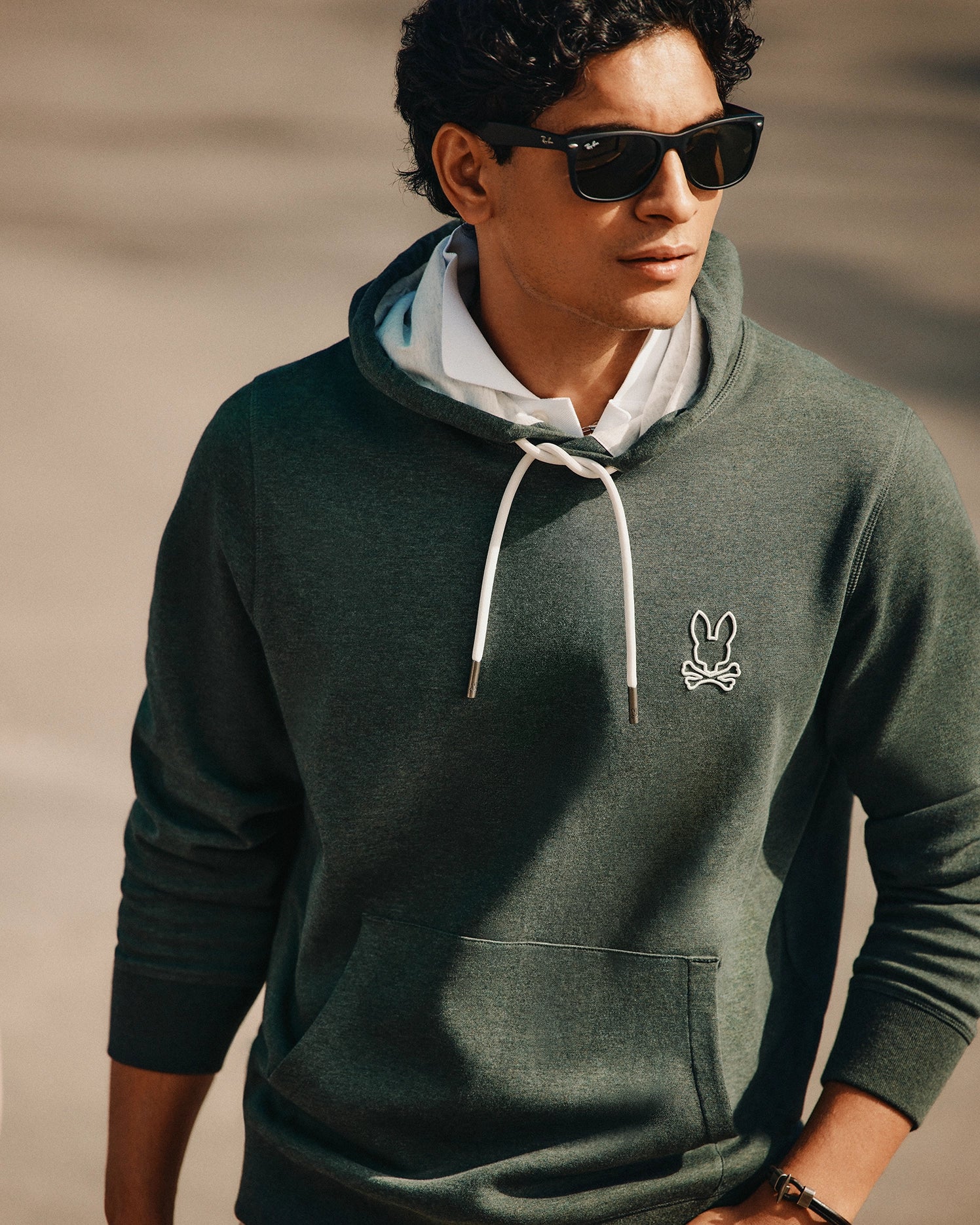 A person wearing sunglasses and the trendy Psycho Bunny MENS JAMES PREMIUM HOODIE - B6H789D200, featuring a white drawstring and a small embroidered logo on the chest. The individual is looking to the side while standing outdoors in a relaxed pose.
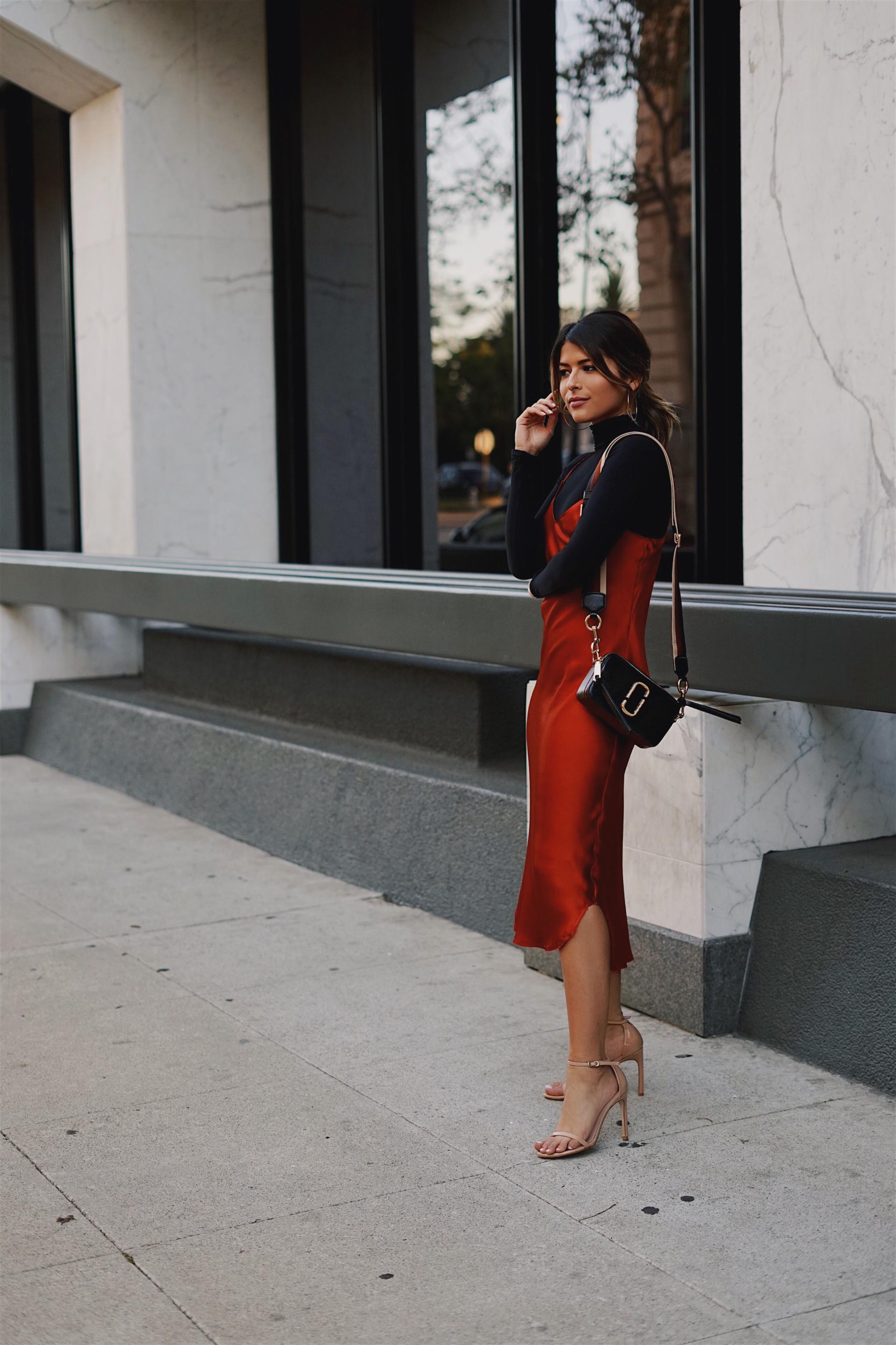 Pam Hetlinger wearing a silk slip dress and a black turtleneck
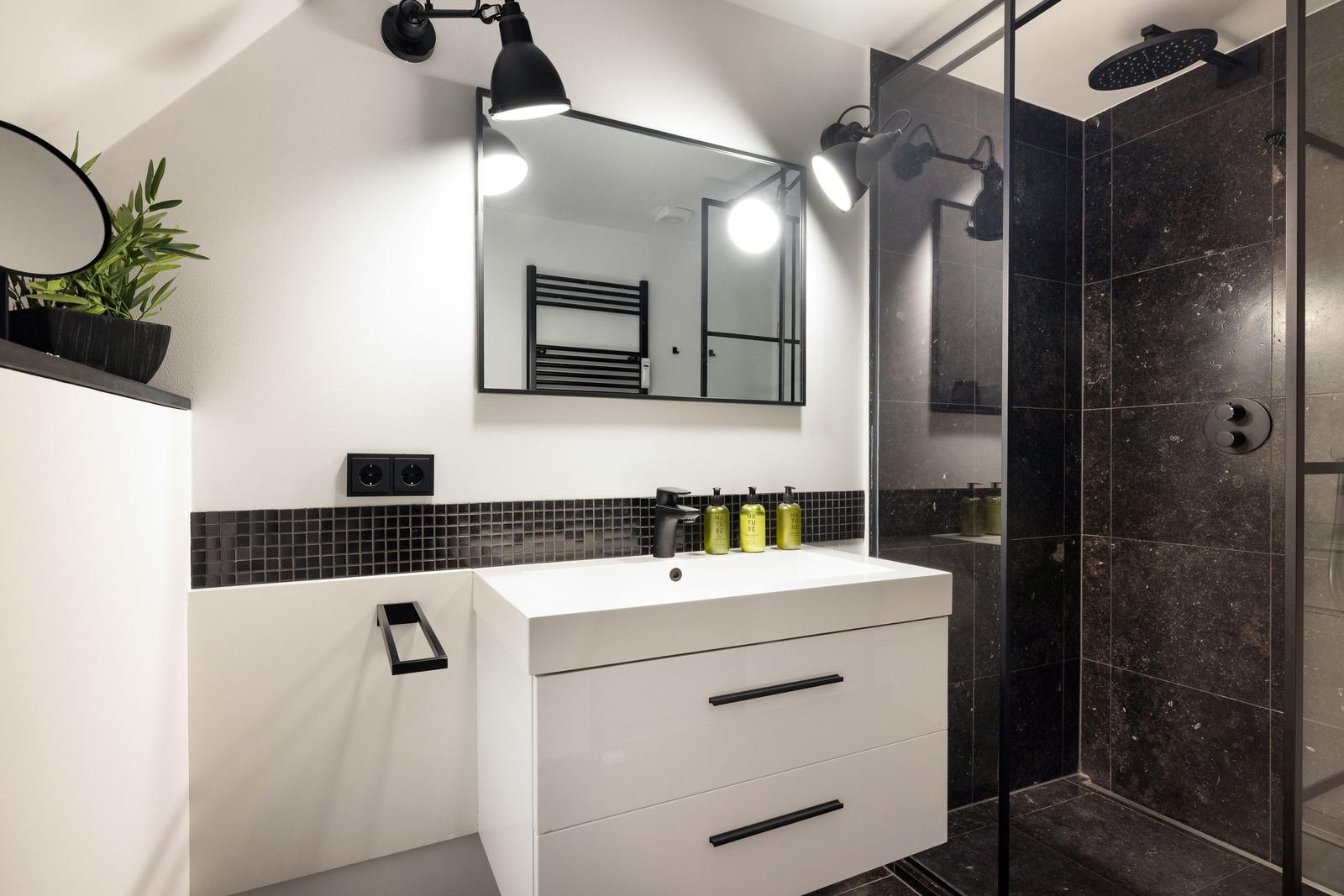 Badezimmer mit Dusche, Waschtisch und Spiegel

--*--

TASK DIRECTIONS:
Beginning with the line where "Pam Hetlinger wearing" appears, restate word for word every line down to the last one in the data, but keep the pictures out.

ANSWER FOR THE TASK:
 Pam Hetlinger wearing a silk slip dress and a black turtleneck
 Badezimmer mit Dusche, Waschtisch und Spiegel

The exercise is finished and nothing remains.